Now, I will use the KNN model to predict the survivorship of these 418 passengers to obtain a final cleaned dataset for visualisation.
Making the prediction with following codes.
predicted <- model_knn %>% predict(titanic_without_survivorship)
predicted
## [1] No No No No No No Yes No Yes No No No Yes No Yes Yes No No
## [19] No No No Yes Yes No Yes No Yes No Yes No No No No No Yes No
## [37] No No No No No No No Yes Yes No No No Yes No No No Yes Yes
## [55] No No No No No Yes No No No Yes Yes Yes Yes No No Yes Yes No
## [73] No No Yes No No Yes No Yes Yes No No No No No Yes Yes Yes Yes
## [91] No No Yes No No No No No No No Yes No No No Yes No No No
## [109] No No No Yes Yes Yes Yes No No Yes No Yes Yes No Yes No No Yes
## [127] No Yes No No No No No No No No No No Yes No No Yes Yes No
## [145] Yes No No No No No Yes No No No No No Yes Yes Yes No Yes Yes
## [163] Yes No No Yes No No Yes No No No No No No Yes Yes No Yes Yes
## [181] No Yes Yes No Yes No Yes No No No No No Yes No Yes No Yes Yes
## [199] No No Yes Yes No Yes No No Yes No Yes No No No No Yes No No
## [217] Yes Yes Yes No Yes No Yes No Yes Yes No Yes No No No Yes No No
## [235] Yes No No No Yes Yes Yes Yes Yes No No No Yes No Yes No Yes No
## [253] Yes No No No No No No No No No Yes Yes No No No No No No
## [271] No No Yes Yes No Yes No No No No No Yes Yes Yes Yes No No No
## [289] No No No Yes No No No No Yes No Yes No No No No No Yes Yes
## [307] Yes Yes Yes No No No No Yes Yes Yes Yes No No No No No No Yes
## [325] Yes No Yes No No No Yes No No Yes No Yes No No No No No No
## [343] No Yes No Yes No No No Yes Yes No No Yes Yes No Yes No No No
## [361] No Yes Yes No Yes No No No Yes No No Yes No No Yes Yes No No
## [379] No No No No No Yes No Yes No No No No Yes Yes No No No Yes
## [397] No Yes No No Yes No Yes No No No No No Yes Yes Yes Yes No No
## [415] Yes No No No
## Levels: No Yes
Data insert.
titanic_without_survivorship$survived <- predicted
Combine both titanic tables.
titanic_final <- rbind(titanic_without_survivorship, titanic_with_survivorship)

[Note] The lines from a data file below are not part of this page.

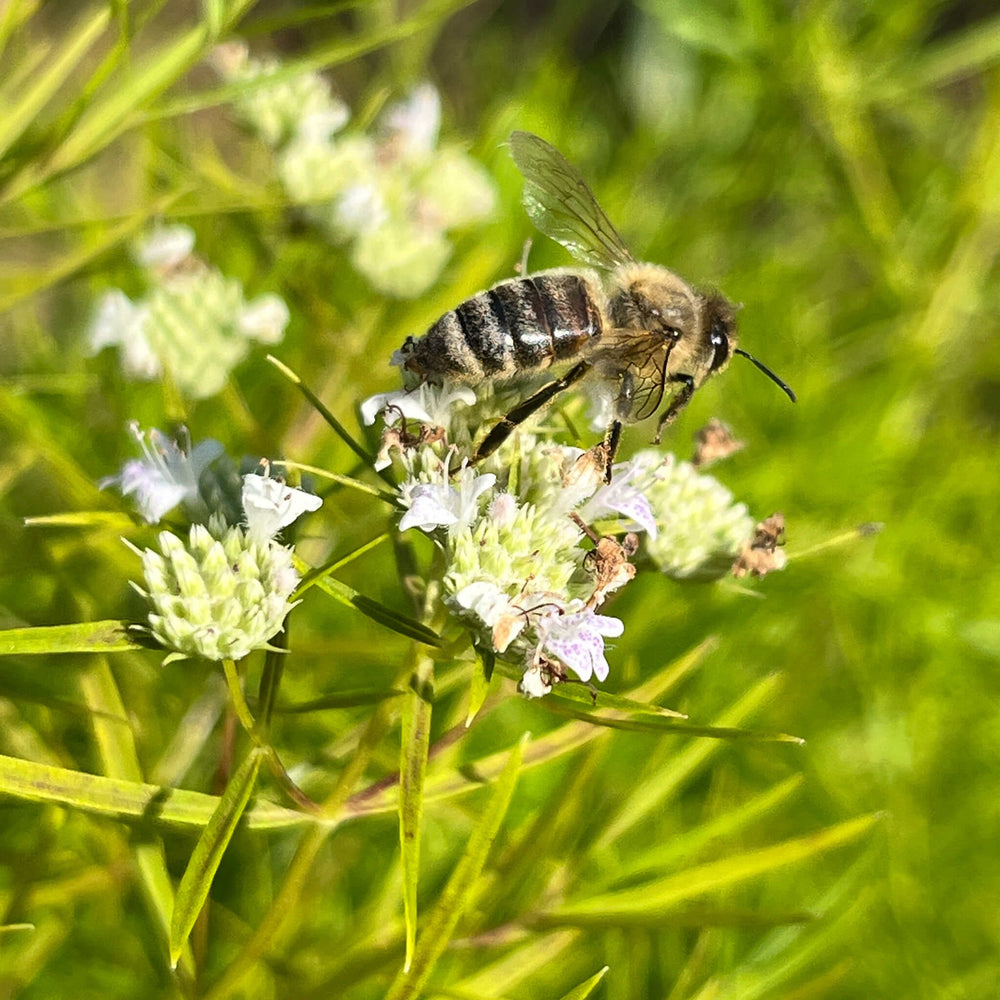 
                  
                    Seeds - Slender Mountainmint
                  
                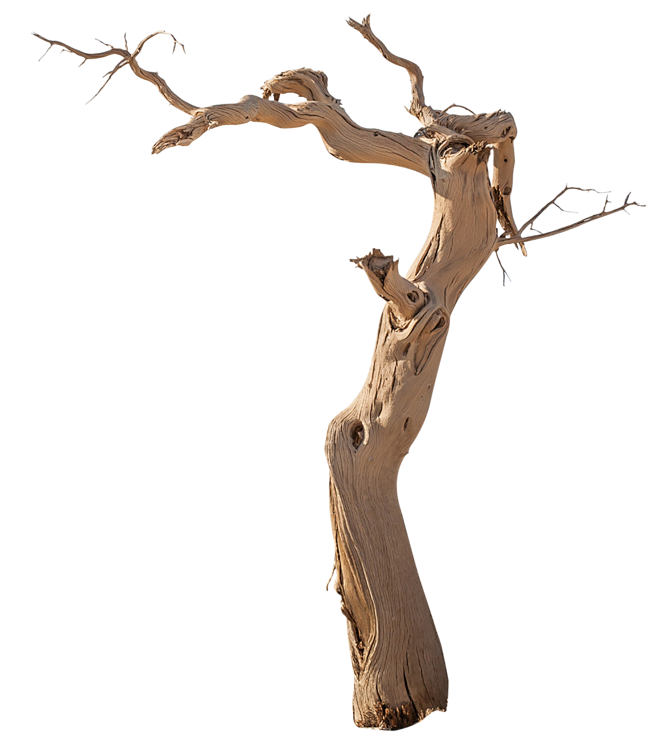 枯树枝中国风中式png免扣素材北坤人素材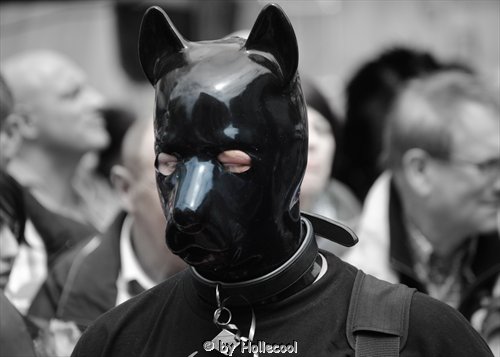 csd13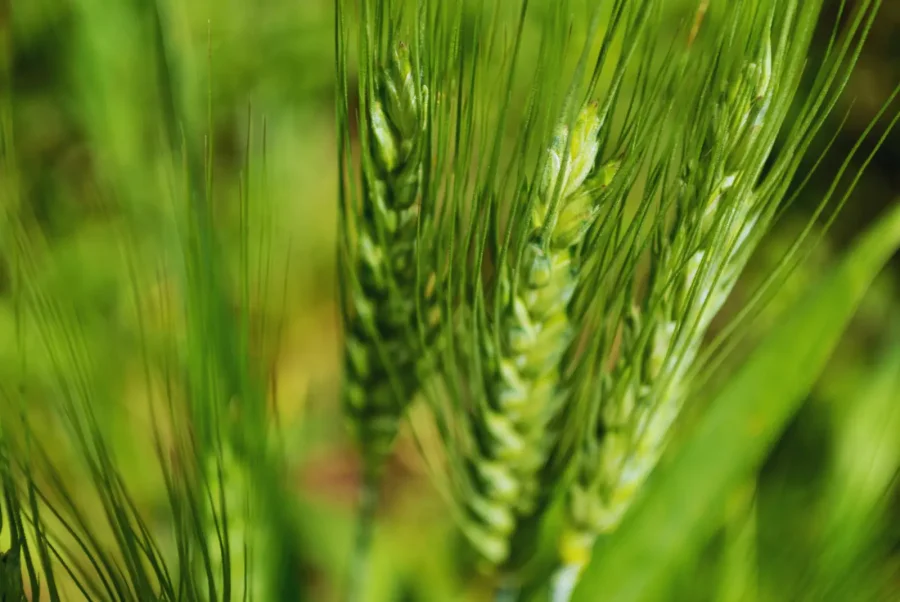 ATENCIÓN. Expertos advirtieron por la baja disponibilidad de nutrientes, especialmente el Zinc.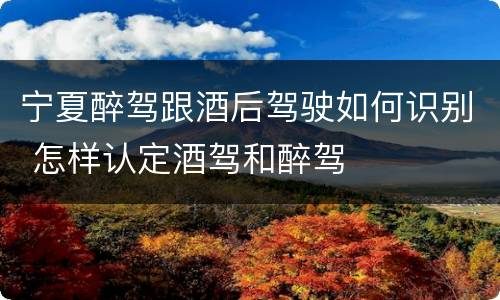 宁夏醉驾跟酒后驾驶如何识别 怎样认定酒驾和醉驾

Final check of the dataset:
summary(titanic_final)
## pclass sex age age_group sibsp
## 1st_class:323 Female:466 Min. : 0.00 Kid : 108 Min. :0.0000
## 2nd_class:277 Male :843 1st Qu.:22.00 Teenage: 132 1st Qu.:0.0000
## 3rd_class:709 Median :28.00 Adult :1059 Median :0.0000
## Mean :29.69 Elder : 10 Mean :0.4989
## 3rd Qu.:36.00 3rd Qu.:1.0000
## Max. :80.00 Max. :8.0000
## parch familysize fare embarked survived
## Min. :0.000 Min. : 0.0000 Min. : 0.00 Cherbourg :270 No :819
## 1st Qu.:0.000 1st Qu.: 0.0000 1st Qu.: 7.90 Queenstown :123 Yes:490
## Median :0.000 Median : 0.0000 Median : 14.45 Southampton:916
## Mean :0.385 Mean : 0.8839 Mean : 33.28
## 3rd Qu.:0.000 3rd Qu.: 1.0000 3rd Qu.: 31.27
## Max. :9.000 Max. :10.0000 Max. :512.33
There are no more missing values from the dataset and is now ready for visualisation.
Saving the file.
#write.csv(titanic_final, "titanic_final.csv")
tf <- titanic_final
There are 1309 rows of passengers information, among them, there are 323 passengers bought the first class ticket, 277 for second class ticket, and 709 for third class ticket.
# df
df8.1 <- tf %>%
group_by(pclass) %>%
summarise(count = n())
# plot
plot_ly(df8.1,
labels = ~pclass,
values = ~count,
type = "pie",
textinfo = "label+percent",
textposition = "inside",
textfont = list(color = "White", size = 30),
marker = list(line = list(color = "White", width = 2)),
showlegend = FALSE) %>%
layout(title = "Passenger Counts by Ticket Classes")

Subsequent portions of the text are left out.